Until the 1880s, students seeking to go beyond a basic elementary school education would have to board in larger centers such as Sarnia, where a district grammar school had been established in 1844. The abolition of the district grammar schools in 1871 led to the creation of collegiate institutes and high schools, the former devoted to traditional forms of education and the latter catering to male and female students in subject areas like English and the natural sciences. Students living in larger cities who planned to further their education at university were more likely to attend collegiate institutes. However, in communities such as Forest the development of high schools provided a base for those wishing to continue their studies at normal school or university.[1]

In 1890, Forest's first permanent high school was built for $6,300 with Principal James H. Philip and four additional teachers serving approximately 160 students. Prior to this Forest had been served by a Model School. The school was gradually enlarged but suffered a catastrophic fire in 1940 at which point it was substantially rebuilt. Over the subsequent decades, enrolments increased due to the demographic increase of the "Baby Boom" and an increasing demand for higher education. The last major addition to the school was completed in the early 1970s.

With the creation of the Lambton County Board of Education in 1969, Forest District High School was renamed North Lambton Secondary School.[2] Plans for the expansion of the school were tentatively approved in the spring of 1969 which would see $1 million spent on increasing student capacity from 750 to 1,200. Subsequent estimates indicated that $579,520 was required to make these alterations.[3]

This photo shows the original Forest High School.
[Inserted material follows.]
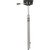 Springfield Marine 1642008 Spring-Lock Power-Rise Adjustable Pedestal - Stand Up, 22-1/2" to 29-1/2" - 1642008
After the fire of 1940, some of the original structure was incorporated into the rebuild.

In 2015 the school celebrated its 125th anniversary.

Fine artsEdit

North Lambton has a variety of courses including drama, vocals, visual art, concert band and jazz band. The drama department puts on two major productions each year. The shows usually include a murder-mystery in the fall put on by the senior drama class, and a spring musical featuring students from the school-wide drama club.

Twice a year the music department hosts Music Night to showcase the work of the Grade 9 Band, the Senior Band, and the Jazz Band, as well as the Vocals class and club.

In the fall, the drama department hosts the Coffee House Concert where all students, North Lambton Alumni, and community members are invited to come perform musically or recite poems.

Athletic programsEdit

Varsity athleticsEdit

OFSAA Boys A Soccer Windsor 2012: Going into the tournament unranked, North Lambton upset the number one seed and ended with a fourth-place finish.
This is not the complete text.